R comes prepackaged with a bunch of really useful statistical tests, including the detection of outliers. However, basic statistics methods for outlier detection rely heavily on 3 key assumptions: that the observations are independent, normally distributed, with constant mean and variance. These assumptions are rarely met in the real world where data sets are simply non-normal (for example count data), or highly skewed. In this post, we will look at two statistical methods for addressing both count data and moderately skewed datasets.
The data
The majority of tests for outliers assume that your data is normally distributed. That is, the data is continuous (like measuring someone's height) with a known mean and a constant & symmetrical spread around the mean. The spread around the mean is particularly important because it is this that is used to determine how far from "normal" an observation is and therefore, whether it is an outlier or not. So often though, our data isn't symmetrical but it is skewed. The plots below show two typical examples: the top plot is of count data, which is nearly always moderately skewed; the bottom plot is also clearly skewed.
The basic battery of statistical outlier tests can't be applied to either of these skewed datasets. But we do have options.
Outliers in count data
Our first option is to model count data explicitly. Normally distributed data is easy because it conforms to a well-known distribution with reliable properties. There is also a standard distribution, the Poisson distribution, which can be used to describe count data. R has a number of functions to help us explore the Poisson distribution, in particular:
- rpois(): simulates from a poisson distribution
- ppois(): calculates the probability of observing a point under a poisson distribution (i.e. calculates the area under the curve up to a point of interest)
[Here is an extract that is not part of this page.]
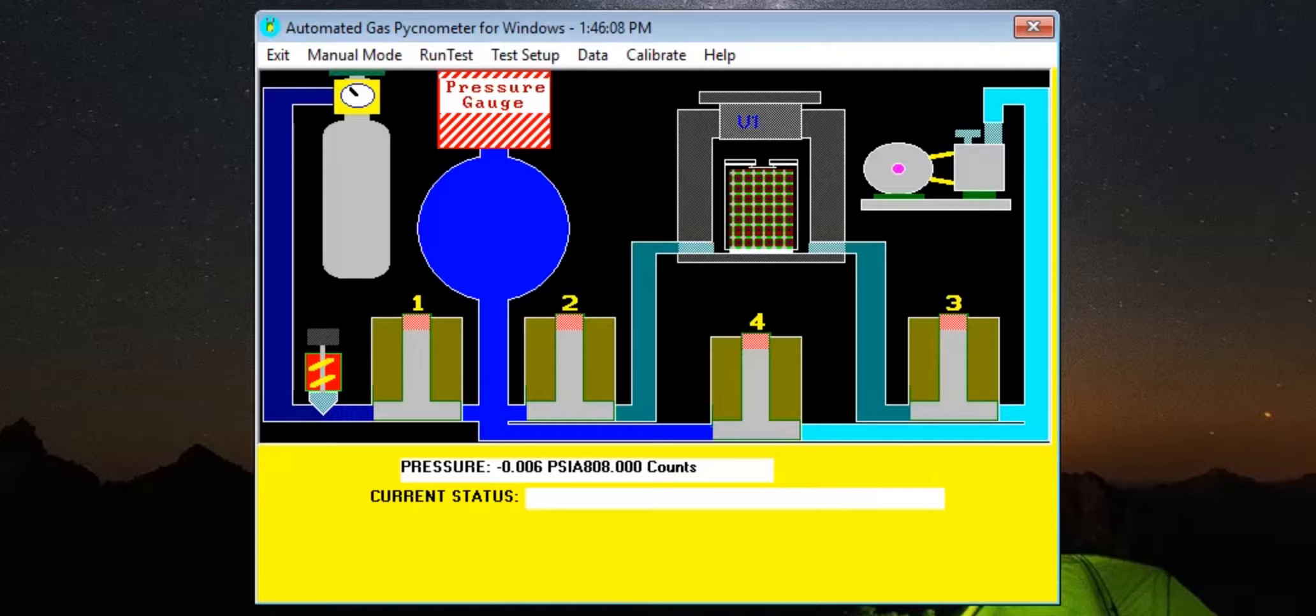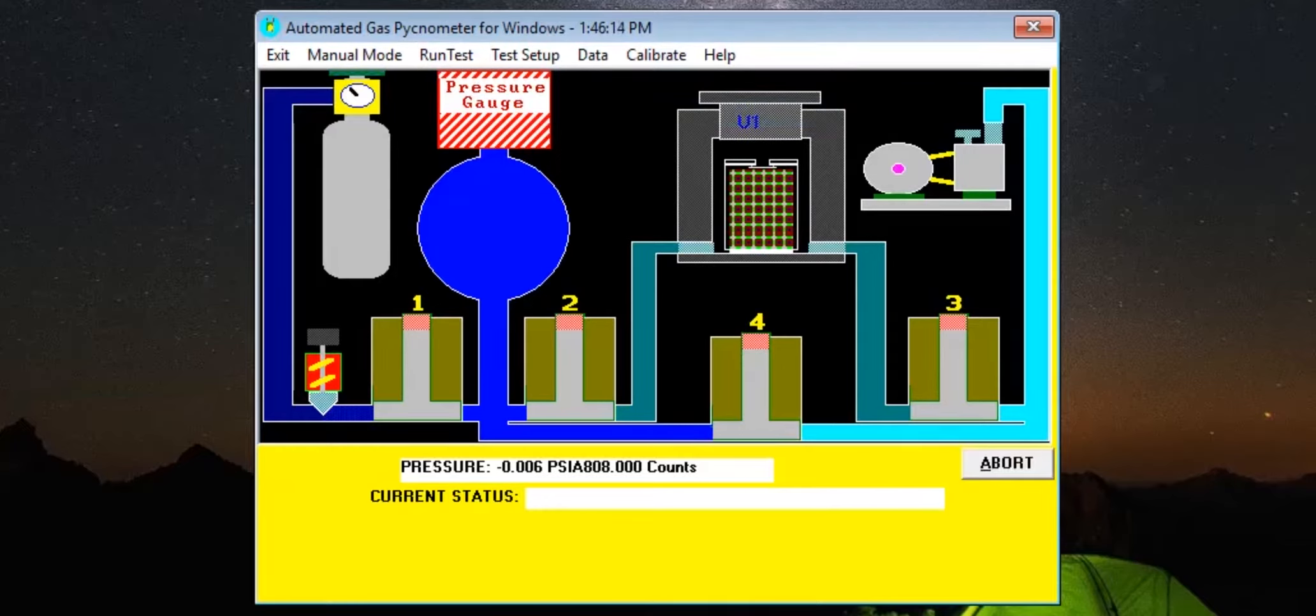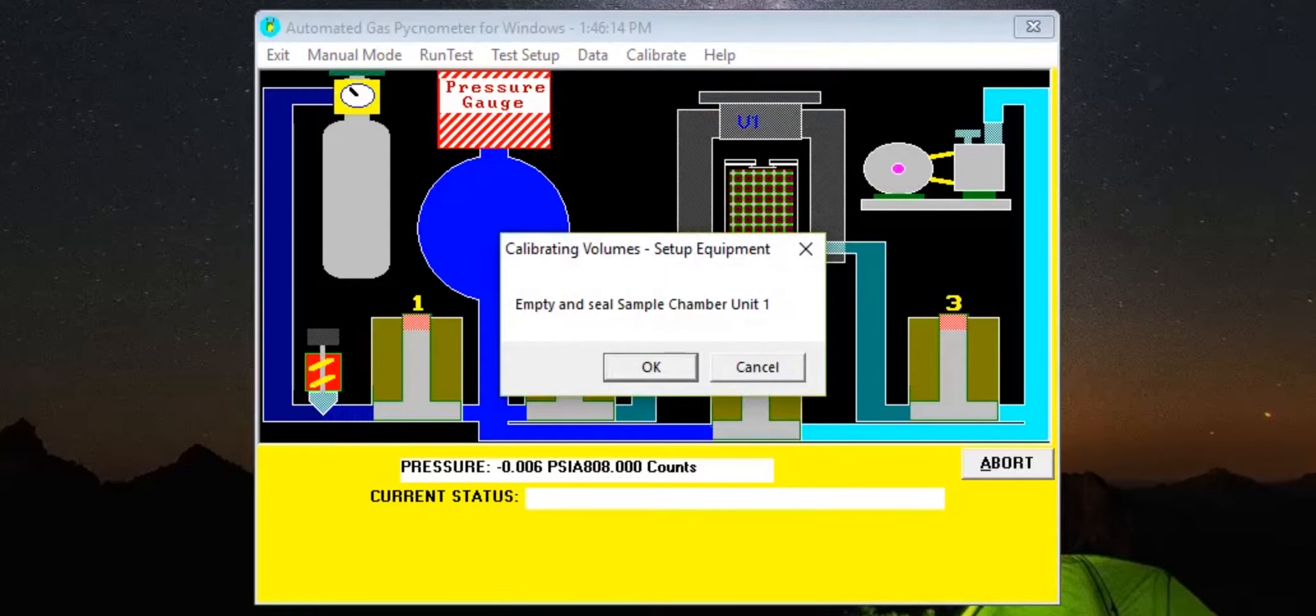To begin a calibration sequence, click the Calibrate button on the menu bar and select Volumes from the drop-down menu. This will prompt the user to empty and seal the sample chamber.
We're going to use the ppois() function to calculate an "outlier score" for every observation in our dataset. The intuitive way to think about this score is the 'likelihood of observing a point this large'. This is a somewhat loose interpretation of a p-value, but suitable for detecting outliers. R code and the resulting plot are shown below:
## calculate a "p-value" for outliers, based on the poisson probabiliies mypoisson[, Score := 1 - ppois(Measure, mean(Measure))] ## apply a Bonferroni correction factor to the p-value, to control the long-run error rate mypoisson[, Outlier := Score < 0.05 / 1000] ## visualise the results ggplot(mypoisson, aes(x = Timestamp, y = Measure)) + geom_point(aes(colour = Outlier), size = 3, alpha = 0.7) + scale_colour_manual(values = c("darkgrey", "red")) + theme_minimal()
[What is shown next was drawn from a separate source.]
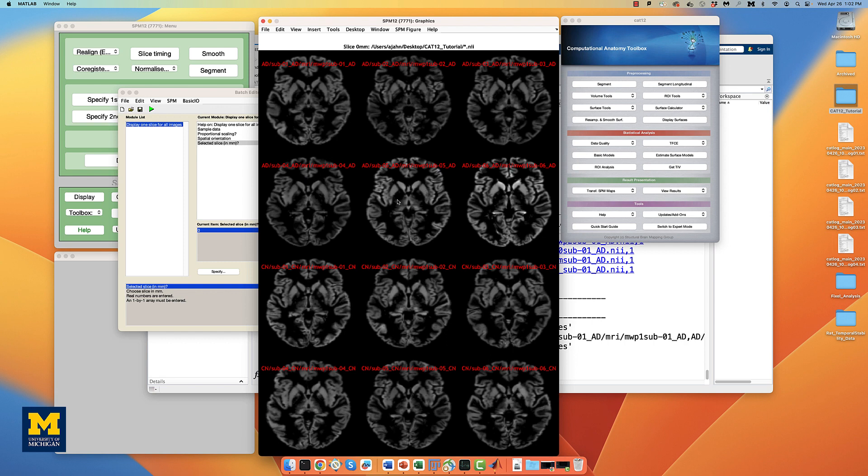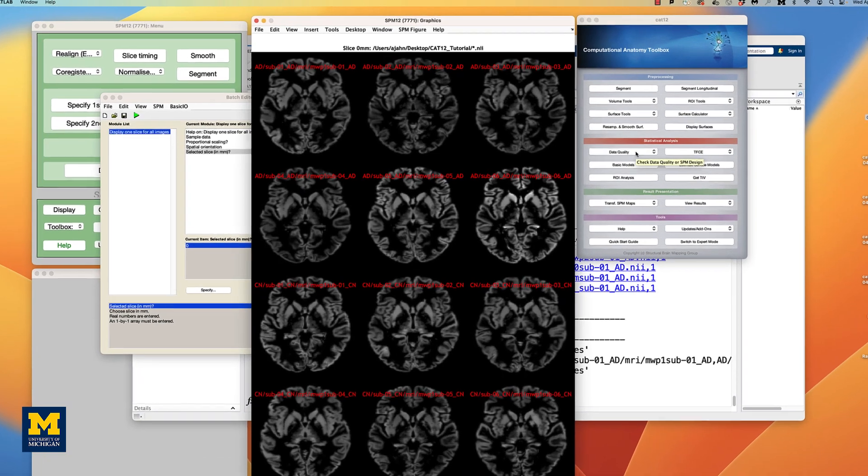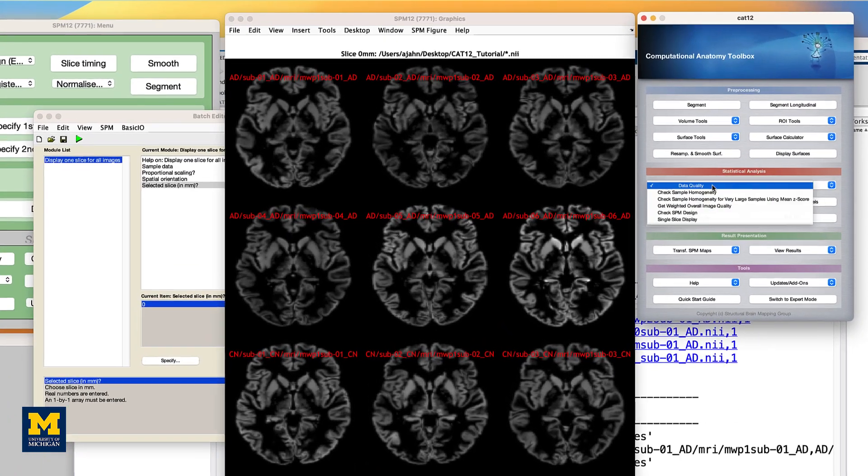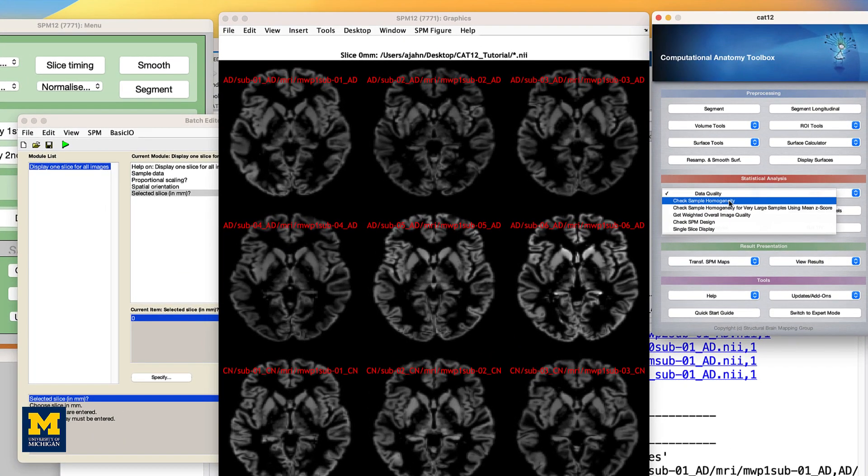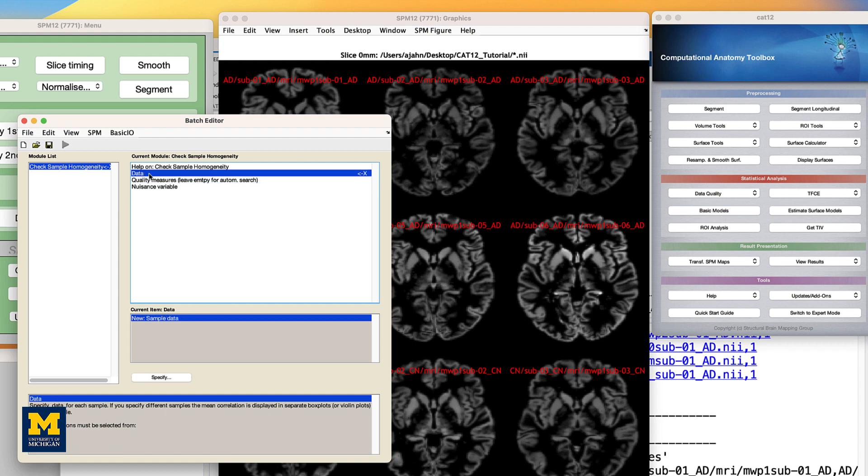Our last QA check is to examine the homogeneity of our sample. Not all of the anatomical scans will have the same volume in every voxel, but most brains should be pretty close, usually in the correlation range of R equals 0.8 to 0.9. From the CAT12 GUI, again click on the data quality drop-down menu, and select check sample homogeneity.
From the plot above, only 6 observations were identified as outliers with a threshold around 35. From my perspective, this a great result - it is robust, data-driven and the threshold is quite a bit higher than I think most of us would have picked just by looking at the data. If we can trust the results, then having an accurate and higher threshold will reduce the number of false outliers we detect in the future.
Transforming skewed data
Statistically, the technique above is an ideal - we have data that comes from a well-known distribution with properties that we can describe and leverage. In the real world, we might not be able to tell which distribution best models our data, especially if the data is skewed. We can try to use distributions that reflect more skew, like the Chi-squared distribution, or the negative binomial distribution. Or, we can try to transform our data so that it appears "more normal" and then apply the standard outlier detection tests from the Outliers package in R. Let's look at an example using the same data as above.
First of all, let's score each observation using the standard tests in the Outliers package:
library(outliers) tests <- c("z", "chisq", "t") results <- rbindlist(lapply(tests, function (t) { data.table(Timestamp = mypoisson[, Timestamp], Measure = mypoisson[, Measure], Score = scores(mypoisson[, Measure], type= t, prob = 0.95), Method = t) })) results <- rbind(mypoisson[, .(Timestamp, Measure, Score = Score < 0.05 / 1000, Method)], results) ggplot(results, aes(x = Timestamp, y = Measure)) + geom_point(aes(colour = Score), alpha = 0.3, size = 2) + facet_wrap( ~ Method) + theme_minimal() + xlab("Timestamp") + scale_colour_manual(values = c("darkgrey", "red"))
Straight away, we can see that compared to our robust analysis (shown again in the top right panel), that naively applying the test from the Outliers package results in a huge inflation of outliers. We get slightly better results if we log transform the data, to make it "seem" more normal:
tests <- c("z", "chisq", "t") results <- rbindlist(lapply(tests, function (t) { data.table(Timestamp = mypoisson[, Timestamp], Measure = mypoisson[, Measure], Score = scores(mypoisson[, log(Measure)], type= t, prob = 0.95), Method = t) })) results <- rbind(mypoisson[, .(Timestamp, Measure, Score = Score < 0.05 / 1000, Method)], results) ggplot(results, aes(x = Timestamp, y = Measure)) + geom_point(aes(colour = Score), alpha = 0.3, size = 2) + facet_wrap( ~ Method) + theme_minimal() + xlab("Timestamp") + scale_colour_manual(values = c("darkgrey", "red"))
We can probably ignore outliers that fall below the majority - these are unlikely to be interesting in most anomaly detection cases. And we can see the "chisq" method from the Outliers package doesn't do too bably, though with more false positives than we would like. This, however, is the tradeoff when applying standard tests to non-standard data.
We can apply a slightly stronger transformation, for example taking the square root, the cubed root etc. etc.. Below, is the visualisation resulting from taking the fifth root of the data:
Again, ignoring the low-lying outliers, this more extreme transformation has marginally better results - but still doesn't compete with using the Poisson method.
Wrap up
We've looked at a couple of different methods for detecting outliers in count data. The first worked well but relies on the data being Poisson distributed. The second method relies on transformations to make the data appear more normal, and then application of standard outlier tests to the transformed data. The results here were noisier, but were a reasonable approximation of the Poisson method. The difficulty here is that all basic statistical methods rely heavily on their underlying assumptions to evaluate our data. These assumptions are effective if our data belongs to one of the well-understood distributions. But things get tricky when this isn't the case.
So, can we afford to relax these assumptions? In most cases we probably can, if we can accept more false positives without serious implications. However, I wonder whether machine learning methods might provide a better methodology in the real world? The majority of machine learning methods are data-driven, they learn from the data at hand, compared to statistical tests which rely on strict assumptions. There are caveats to this, of course, machine learning methods also rely heavily on the quality of your data. Perhaps we can explore some machine learning approaches in a future post.